◆ What you have to do:
Take the data that follows and return it exactly.

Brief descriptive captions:
↓

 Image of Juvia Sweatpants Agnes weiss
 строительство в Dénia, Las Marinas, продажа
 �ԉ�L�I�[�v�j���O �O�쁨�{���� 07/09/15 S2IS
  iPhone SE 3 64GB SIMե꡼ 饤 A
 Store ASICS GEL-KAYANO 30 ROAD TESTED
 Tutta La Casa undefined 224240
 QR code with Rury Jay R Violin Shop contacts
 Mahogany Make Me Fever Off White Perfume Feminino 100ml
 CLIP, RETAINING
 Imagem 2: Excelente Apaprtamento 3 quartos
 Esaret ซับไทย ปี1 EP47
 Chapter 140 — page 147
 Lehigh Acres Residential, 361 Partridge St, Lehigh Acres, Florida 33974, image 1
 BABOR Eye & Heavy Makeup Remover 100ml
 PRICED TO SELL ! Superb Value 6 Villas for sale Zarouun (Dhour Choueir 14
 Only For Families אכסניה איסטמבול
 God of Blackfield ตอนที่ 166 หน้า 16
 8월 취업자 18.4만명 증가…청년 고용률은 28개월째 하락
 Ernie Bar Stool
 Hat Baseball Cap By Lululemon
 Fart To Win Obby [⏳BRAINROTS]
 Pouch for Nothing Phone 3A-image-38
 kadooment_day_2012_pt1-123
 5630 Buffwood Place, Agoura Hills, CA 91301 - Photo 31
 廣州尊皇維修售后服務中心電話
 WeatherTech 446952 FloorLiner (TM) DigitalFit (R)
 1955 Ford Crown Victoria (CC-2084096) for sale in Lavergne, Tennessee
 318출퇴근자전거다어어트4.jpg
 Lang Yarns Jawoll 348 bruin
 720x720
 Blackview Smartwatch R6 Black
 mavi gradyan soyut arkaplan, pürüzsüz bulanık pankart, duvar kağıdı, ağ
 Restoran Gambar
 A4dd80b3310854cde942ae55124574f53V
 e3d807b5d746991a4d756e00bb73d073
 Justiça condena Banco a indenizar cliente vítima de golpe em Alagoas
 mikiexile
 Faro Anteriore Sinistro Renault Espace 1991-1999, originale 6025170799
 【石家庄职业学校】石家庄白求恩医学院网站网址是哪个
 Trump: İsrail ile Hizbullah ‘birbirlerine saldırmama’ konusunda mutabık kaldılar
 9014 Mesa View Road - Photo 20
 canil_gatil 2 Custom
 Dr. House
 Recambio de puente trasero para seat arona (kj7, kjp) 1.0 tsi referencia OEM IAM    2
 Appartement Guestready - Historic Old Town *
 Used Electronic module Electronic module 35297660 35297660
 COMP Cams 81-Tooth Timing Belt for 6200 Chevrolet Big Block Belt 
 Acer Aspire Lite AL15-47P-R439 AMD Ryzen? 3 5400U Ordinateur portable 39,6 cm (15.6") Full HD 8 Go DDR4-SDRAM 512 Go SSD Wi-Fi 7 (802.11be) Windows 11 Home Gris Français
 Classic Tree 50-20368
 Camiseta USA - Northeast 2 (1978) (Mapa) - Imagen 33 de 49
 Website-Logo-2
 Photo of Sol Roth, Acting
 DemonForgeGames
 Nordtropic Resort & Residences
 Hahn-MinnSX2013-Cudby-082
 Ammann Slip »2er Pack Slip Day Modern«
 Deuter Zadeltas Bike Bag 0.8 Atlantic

↑

◆ Your response:
 Image of Juvia Sweatpants Agnes weiss
 строительство в Dénia, Las Marinas, продажа
 �ԉ�L�I�[�v�j���O �O�쁨�{���� 07/09/15 S2IS
  iPhone SE 3 64GB SIMե꡼ 饤 A
 Store ASICS GEL-KAYANO 30 ROAD TESTED
 Tutta La Casa undefined 224240
 QR code with Rury Jay R Violin Shop contacts
 Mahogany Make Me Fever Off White Perfume Feminino 100ml
 CLIP, RETAINING
 Imagem 2: Excelente Apaprtamento 3 quartos
 Esaret ซับไทย ปี1 EP47
 Chapter 140 — page 147
 Lehigh Acres Residential, 361 Partridge St, Lehigh Acres, Florida 33974, image 1
 BABOR Eye & Heavy Makeup Remover 100ml
 PRICED TO SELL ! Superb Value 6 Villas for sale Zarouun (Dhour Choueir 14
 Only For Families אכסניה איסטמבול
 God of Blackfield ตอนที่ 166 หน้า 16
 8월 취업자 18.4만명 증가…청년 고용률은 28개월째 하락
 Ernie Bar Stool
 Hat Baseball Cap By Lululemon
 Fart To Win Obby [⏳BRAINROTS]
 Pouch for Nothing Phone 3A-image-38
 kadooment_day_2012_pt1-123
 5630 Buffwood Place, Agoura Hills, CA 91301 - Photo 31
 廣州尊皇維修售后服務中心電話
 WeatherTech 446952 FloorLiner (TM) DigitalFit (R)
 1955 Ford Crown Victoria (CC-2084096) for sale in Lavergne, Tennessee
 318출퇴근자전거다어어트4.jpg
 Lang Yarns Jawoll 348 bruin
 720x720
 Blackview Smartwatch R6 Black
 mavi gradyan soyut arkaplan, pürüzsüz bulanık pankart, duvar kağıdı, ağ
 Restoran Gambar
 A4dd80b3310854cde942ae55124574f53V
 e3d807b5d746991a4d756e00bb73d073
 Justiça condena Banco a indenizar cliente vítima de golpe em Alagoas
 mikiexile
 Faro Anteriore Sinistro Renault Espace 1991-1999, originale 6025170799
 【石家庄职业学校】石家庄白求恩医学院网站网址是哪个
 Trump: İsrail ile Hizbullah ‘birbirlerine saldırmama’ konusunda mutabık kaldılar
 9014 Mesa View Road - Photo 20
 canil_gatil 2 Custom
 Dr. House
 Recambio de puente trasero para seat arona (kj7, kjp) 1.0 tsi referencia OEM IAM    2
 Appartement Guestready - Historic Old Town *
 Used Electronic module Electronic module 35297660 35297660
 COMP Cams 81-Tooth Timing Belt for 6200 Chevrolet Big Block Belt 
 Acer Aspire Lite AL15-47P-R439 AMD Ryzen? 3 5400U Ordinateur portable 39,6 cm (15.6") Full HD 8 Go DDR4-SDRAM 512 Go SSD Wi-Fi 7 (802.11be) Windows 11 Home Gris Français
 Classic Tree 50-20368
 Camiseta USA - Northeast 2 (1978) (Mapa) - Imagen 33 de 49
 Website-Logo-2
 Photo of Sol Roth, Acting
 DemonForgeGames
 Nordtropic Resort & Residences
 Hahn-MinnSX2013-Cudby-082
 Ammann Slip »2er Pack Slip Day Modern«
 Deuter Zadeltas Bike Bag 0.8 Atlantic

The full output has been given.